EXERCISE BRIEF: Every entry must be reproduced word for word.

SUPPLIED DATA:
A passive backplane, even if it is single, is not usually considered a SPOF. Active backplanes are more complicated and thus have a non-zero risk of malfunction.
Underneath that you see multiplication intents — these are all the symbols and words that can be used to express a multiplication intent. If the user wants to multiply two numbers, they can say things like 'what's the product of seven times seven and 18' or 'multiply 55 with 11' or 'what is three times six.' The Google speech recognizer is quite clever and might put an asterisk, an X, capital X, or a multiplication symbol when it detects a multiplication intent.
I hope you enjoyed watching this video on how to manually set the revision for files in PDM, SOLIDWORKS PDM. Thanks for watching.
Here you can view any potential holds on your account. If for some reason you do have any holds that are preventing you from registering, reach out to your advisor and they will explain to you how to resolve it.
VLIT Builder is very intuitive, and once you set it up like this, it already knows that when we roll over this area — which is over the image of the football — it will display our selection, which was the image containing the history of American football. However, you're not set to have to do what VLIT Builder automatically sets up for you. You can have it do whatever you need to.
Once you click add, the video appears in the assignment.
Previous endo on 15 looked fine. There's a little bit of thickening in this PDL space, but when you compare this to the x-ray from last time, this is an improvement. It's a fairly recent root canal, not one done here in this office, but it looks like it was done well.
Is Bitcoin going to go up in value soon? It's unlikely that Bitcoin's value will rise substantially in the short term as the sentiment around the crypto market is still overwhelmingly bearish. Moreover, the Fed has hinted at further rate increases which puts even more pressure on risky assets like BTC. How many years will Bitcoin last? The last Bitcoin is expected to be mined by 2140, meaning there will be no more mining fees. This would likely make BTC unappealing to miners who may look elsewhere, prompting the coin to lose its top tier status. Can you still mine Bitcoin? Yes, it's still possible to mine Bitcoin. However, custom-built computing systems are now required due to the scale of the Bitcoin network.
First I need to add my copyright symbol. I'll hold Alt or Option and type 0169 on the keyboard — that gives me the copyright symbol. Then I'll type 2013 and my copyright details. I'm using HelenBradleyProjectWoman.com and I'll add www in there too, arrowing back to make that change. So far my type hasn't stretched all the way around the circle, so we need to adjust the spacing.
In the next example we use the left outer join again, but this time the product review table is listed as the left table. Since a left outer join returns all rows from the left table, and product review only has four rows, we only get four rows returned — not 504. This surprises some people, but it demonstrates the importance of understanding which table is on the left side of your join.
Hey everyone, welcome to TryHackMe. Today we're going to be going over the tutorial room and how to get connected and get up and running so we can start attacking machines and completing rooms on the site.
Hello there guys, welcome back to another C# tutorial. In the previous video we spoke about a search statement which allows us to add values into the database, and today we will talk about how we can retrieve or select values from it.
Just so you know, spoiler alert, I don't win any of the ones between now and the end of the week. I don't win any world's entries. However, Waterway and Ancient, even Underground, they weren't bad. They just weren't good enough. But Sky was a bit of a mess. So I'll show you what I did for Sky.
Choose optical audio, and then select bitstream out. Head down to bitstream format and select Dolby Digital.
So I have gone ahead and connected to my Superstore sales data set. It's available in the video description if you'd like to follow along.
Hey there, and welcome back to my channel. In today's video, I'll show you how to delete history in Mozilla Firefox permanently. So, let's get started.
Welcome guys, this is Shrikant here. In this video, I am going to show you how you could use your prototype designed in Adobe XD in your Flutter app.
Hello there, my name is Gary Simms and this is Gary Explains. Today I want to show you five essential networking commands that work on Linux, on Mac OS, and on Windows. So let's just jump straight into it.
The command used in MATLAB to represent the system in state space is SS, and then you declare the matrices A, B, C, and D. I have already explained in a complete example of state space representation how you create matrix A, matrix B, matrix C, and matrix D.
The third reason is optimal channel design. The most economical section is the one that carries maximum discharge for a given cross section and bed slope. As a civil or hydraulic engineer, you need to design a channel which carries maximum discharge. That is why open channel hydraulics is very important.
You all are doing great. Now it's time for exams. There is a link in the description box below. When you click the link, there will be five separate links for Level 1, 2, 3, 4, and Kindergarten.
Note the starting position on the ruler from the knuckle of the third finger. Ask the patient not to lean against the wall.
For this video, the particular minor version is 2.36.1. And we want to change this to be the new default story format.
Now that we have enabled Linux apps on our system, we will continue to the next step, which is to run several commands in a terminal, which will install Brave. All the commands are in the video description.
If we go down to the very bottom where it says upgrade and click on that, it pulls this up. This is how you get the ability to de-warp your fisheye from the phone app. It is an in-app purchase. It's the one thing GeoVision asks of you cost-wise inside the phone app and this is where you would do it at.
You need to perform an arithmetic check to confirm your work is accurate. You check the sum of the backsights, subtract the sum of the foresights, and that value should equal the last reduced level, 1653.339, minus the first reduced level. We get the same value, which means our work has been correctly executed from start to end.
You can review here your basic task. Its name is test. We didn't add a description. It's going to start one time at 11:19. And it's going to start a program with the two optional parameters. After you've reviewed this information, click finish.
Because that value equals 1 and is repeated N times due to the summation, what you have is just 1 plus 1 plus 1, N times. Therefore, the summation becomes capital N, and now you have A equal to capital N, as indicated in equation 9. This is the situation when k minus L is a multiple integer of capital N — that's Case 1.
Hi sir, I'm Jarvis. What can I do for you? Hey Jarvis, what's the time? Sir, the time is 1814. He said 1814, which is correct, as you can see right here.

ANSWER TO THIS PROBLEM:
A passive backplane, even if it is single, is not usually considered a SPOF. Active backplanes are more complicated and thus have a non-zero risk of malfunction.
Underneath that you see multiplication intents — these are all the symbols and words that can be used to express a multiplication intent. If the user wants to multiply two numbers, they can say things like 'what's the product of seven times seven and 18' or 'multiply 55 with 11' or 'what is three times six.' The Google speech recognizer is quite clever and might put an asterisk, an X, capital X, or a multiplication symbol when it detects a multiplication intent.
I hope you enjoyed watching this video on how to manually set the revision for files in PDM, SOLIDWORKS PDM. Thanks for watching.
Here you can view any potential holds on your account. If for some reason you do have any holds that are preventing you from registering, reach out to your advisor and they will explain to you how to resolve it.
VLIT Builder is very intuitive, and once you set it up like this, it already knows that when we roll over this area — which is over the image of the football — it will display our selection, which was the image containing the history of American football. However, you're not set to have to do what VLIT Builder automatically sets up for you. You can have it do whatever you need to.
Once you click add, the video appears in the assignment.
Previous endo on 15 looked fine. There's a little bit of thickening in this PDL space, but when you compare this to the x-ray from last time, this is an improvement. It's a fairly recent root canal, not one done here in this office, but it looks like it was done well.
Is Bitcoin going to go up in value soon? It's unlikely that Bitcoin's value will rise substantially in the short term as the sentiment around the crypto market is still overwhelmingly bearish. Moreover, the Fed has hinted at further rate increases which puts even more pressure on risky assets like BTC. How many years will Bitcoin last? The last Bitcoin is expected to be mined by 2140, meaning there will be no more mining fees. This would likely make BTC unappealing to miners who may look elsewhere, prompting the coin to lose its top tier status. Can you still mine Bitcoin? Yes, it's still possible to mine Bitcoin. However, custom-built computing systems are now required due to the scale of the Bitcoin network.
First I need to add my copyright symbol. I'll hold Alt or Option and type 0169 on the keyboard — that gives me the copyright symbol. Then I'll type 2013 and my copyright details. I'm using HelenBradleyProjectWoman.com and I'll add www in there too, arrowing back to make that change. So far my type hasn't stretched all the way around the circle, so we need to adjust the spacing.
In the next example we use the left outer join again, but this time the product review table is listed as the left table. Since a left outer join returns all rows from the left table, and product review only has four rows, we only get four rows returned — not 504. This surprises some people, but it demonstrates the importance of understanding which table is on the left side of your join.
Hey everyone, welcome to TryHackMe. Today we're going to be going over the tutorial room and how to get connected and get up and running so we can start attacking machines and completing rooms on the site.
Hello there guys, welcome back to another C# tutorial. In the previous video we spoke about a search statement which allows us to add values into the database, and today we will talk about how we can retrieve or select values from it.
Just so you know, spoiler alert, I don't win any of the ones between now and the end of the week. I don't win any world's entries. However, Waterway and Ancient, even Underground, they weren't bad. They just weren't good enough. But Sky was a bit of a mess. So I'll show you what I did for Sky.
Choose optical audio, and then select bitstream out. Head down to bitstream format and select Dolby Digital.
So I have gone ahead and connected to my Superstore sales data set. It's available in the video description if you'd like to follow along.
Hey there, and welcome back to my channel. In today's video, I'll show you how to delete history in Mozilla Firefox permanently. So, let's get started.
Welcome guys, this is Shrikant here. In this video, I am going to show you how you could use your prototype designed in Adobe XD in your Flutter app.
Hello there, my name is Gary Simms and this is Gary Explains. Today I want to show you five essential networking commands that work on Linux, on Mac OS, and on Windows. So let's just jump straight into it.
The command used in MATLAB to represent the system in state space is SS, and then you declare the matrices A, B, C, and D. I have already explained in a complete example of state space representation how you create matrix A, matrix B, matrix C, and matrix D.
The third reason is optimal channel design. The most economical section is the one that carries maximum discharge for a given cross section and bed slope. As a civil or hydraulic engineer, you need to design a channel which carries maximum discharge. That is why open channel hydraulics is very important.
You all are doing great. Now it's time for exams. There is a link in the description box below. When you click the link, there will be five separate links for Level 1, 2, 3, 4, and Kindergarten.
Note the starting position on the ruler from the knuckle of the third finger. Ask the patient not to lean against the wall.
For this video, the particular minor version is 2.36.1. And we want to change this to be the new default story format.
Now that we have enabled Linux apps on our system, we will continue to the next step, which is to run several commands in a terminal, which will install Brave. All the commands are in the video description.
If we go down to the very bottom where it says upgrade and click on that, it pulls this up. This is how you get the ability to de-warp your fisheye from the phone app. It is an in-app purchase. It's the one thing GeoVision asks of you cost-wise inside the phone app and this is where you would do it at.
You need to perform an arithmetic check to confirm your work is accurate. You check the sum of the backsights, subtract the sum of the foresights, and that value should equal the last reduced level, 1653.339, minus the first reduced level. We get the same value, which means our work has been correctly executed from start to end.
You can review here your basic task. Its name is test. We didn't add a description. It's going to start one time at 11:19. And it's going to start a program with the two optional parameters. After you've reviewed this information, click finish.
Because that value equals 1 and is repeated N times due to the summation, what you have is just 1 plus 1 plus 1, N times. Therefore, the summation becomes capital N, and now you have A equal to capital N, as indicated in equation 9. This is the situation when k minus L is a multiple integer of capital N — that's Case 1.
Hi sir, I'm Jarvis. What can I do for you? Hey Jarvis, what's the time? Sir, the time is 1814. He said 1814, which is correct, as you can see right here.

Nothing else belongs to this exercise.